Karanlık enerjiyi ve maddeyi şu anki tekniklerle bulabilir miyiz. Gözlemlemeye
çalıştığımız uzaktaki karadeliklere ulaşmamız henüz mümkün görünmese de,
karanlık madde ve enerji her yerde olabilir ona ulaşılamaz diyemeyiz. Ancak
tekniğimiz ve mantığımız yetmiyor diyebiliriz şu an.
Bir de bilgimiz dahilindeki evrenin fizik kuralları sadece bulunduğumuz
galaksiye ait olup olmadığından şu an emin miyiz? Doğa kanunlarının galaksiler
arası farlılık göstermediği fikrine kesin ulaşabildik mi şu an. Hatta bazı
kuralların aynı bazılarını ise farklı ve yeni bilgi olabileceği öngörüsünün
gerçek olmadığı sonucuna varabildik mi henüz?
Bir felsefeci ile akademisyen arasındaki farklar nedir?
* Felsefeci beynindeki zeka hücresini arttırırken akademisyen teknik ve
yöntemlerini arttırmaya çalışır.
* Felsefeci bilinmeyene düşüncesi ve mantığıyla hızla ulaşmaya çalışırken,
akademisyen adım adım deneyleyerek ve kanıtlayarak ulaşmaya çalışır.

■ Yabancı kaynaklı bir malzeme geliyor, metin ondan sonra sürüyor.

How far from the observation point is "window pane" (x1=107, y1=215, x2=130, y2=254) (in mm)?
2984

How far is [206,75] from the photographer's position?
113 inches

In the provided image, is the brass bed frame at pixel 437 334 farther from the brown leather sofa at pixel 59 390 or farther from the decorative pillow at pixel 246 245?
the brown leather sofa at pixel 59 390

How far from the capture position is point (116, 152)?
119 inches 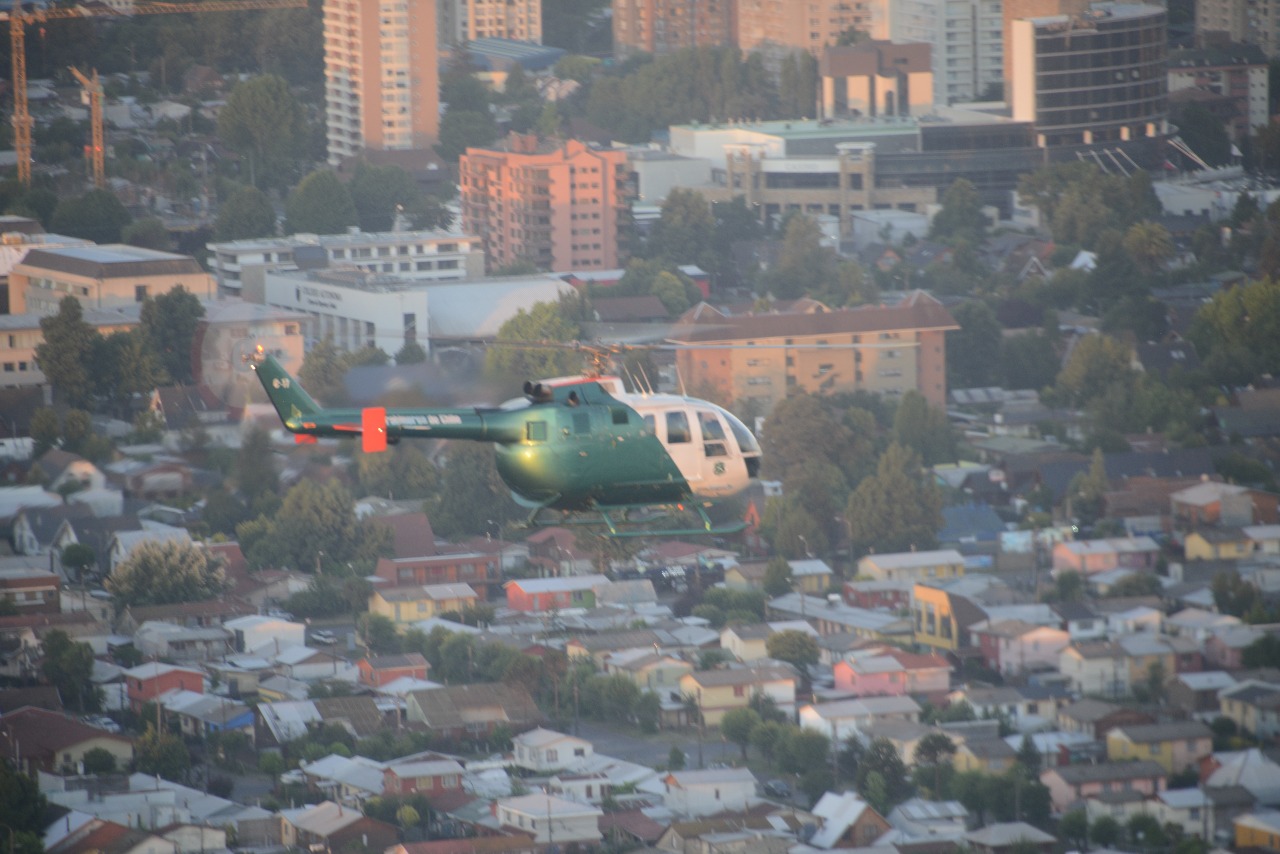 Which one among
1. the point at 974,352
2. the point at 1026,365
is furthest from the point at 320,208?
the point at 1026,365

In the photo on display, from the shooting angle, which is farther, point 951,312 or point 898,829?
point 951,312

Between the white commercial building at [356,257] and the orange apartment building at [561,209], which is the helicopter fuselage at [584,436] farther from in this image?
the orange apartment building at [561,209]

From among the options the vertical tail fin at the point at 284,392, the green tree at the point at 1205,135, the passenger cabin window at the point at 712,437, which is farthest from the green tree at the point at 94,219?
the passenger cabin window at the point at 712,437

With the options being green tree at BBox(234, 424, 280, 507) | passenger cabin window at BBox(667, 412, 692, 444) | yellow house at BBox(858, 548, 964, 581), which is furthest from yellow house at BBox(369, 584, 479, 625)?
passenger cabin window at BBox(667, 412, 692, 444)

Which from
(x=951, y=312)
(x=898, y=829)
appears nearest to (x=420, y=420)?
(x=898, y=829)

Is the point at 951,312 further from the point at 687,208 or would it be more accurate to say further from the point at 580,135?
the point at 580,135

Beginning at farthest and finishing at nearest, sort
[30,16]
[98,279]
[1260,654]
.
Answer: [30,16]
[98,279]
[1260,654]

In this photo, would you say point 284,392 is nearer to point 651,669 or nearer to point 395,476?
point 651,669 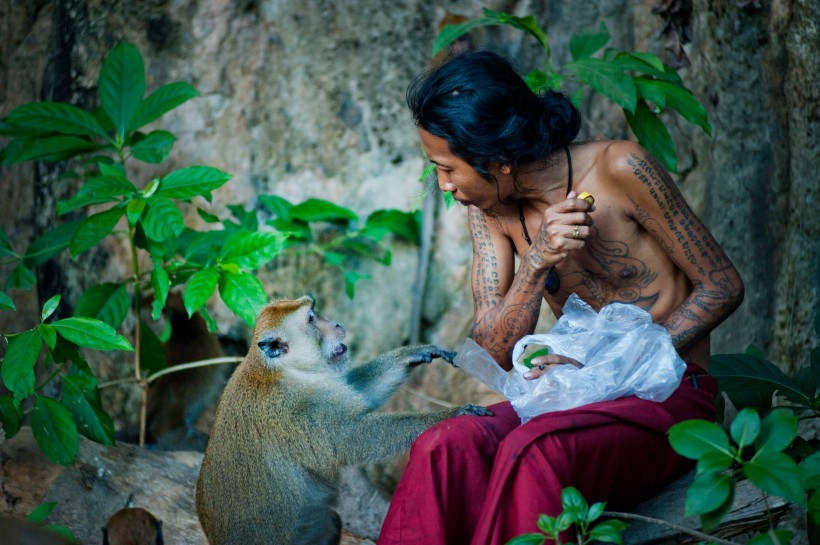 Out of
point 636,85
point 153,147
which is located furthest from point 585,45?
point 153,147

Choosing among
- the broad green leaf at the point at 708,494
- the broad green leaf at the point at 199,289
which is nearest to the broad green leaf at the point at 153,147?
the broad green leaf at the point at 199,289

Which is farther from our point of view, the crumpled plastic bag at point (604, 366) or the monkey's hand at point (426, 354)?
the monkey's hand at point (426, 354)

* Felsefeci tümden gelimi sık sık kullanır akademisyen tüme varımdadır,
çoğunlukla.
* Felsefeci genel bilgiye akademisyen mesleki ve bölümsel bilgiye ulaşmaya
çalışır.
Daha birçok unsurlar sayılabilir.
Hepimizin birbirimizin fikrine, mantığına, bilgisine ihtiyaç vardır.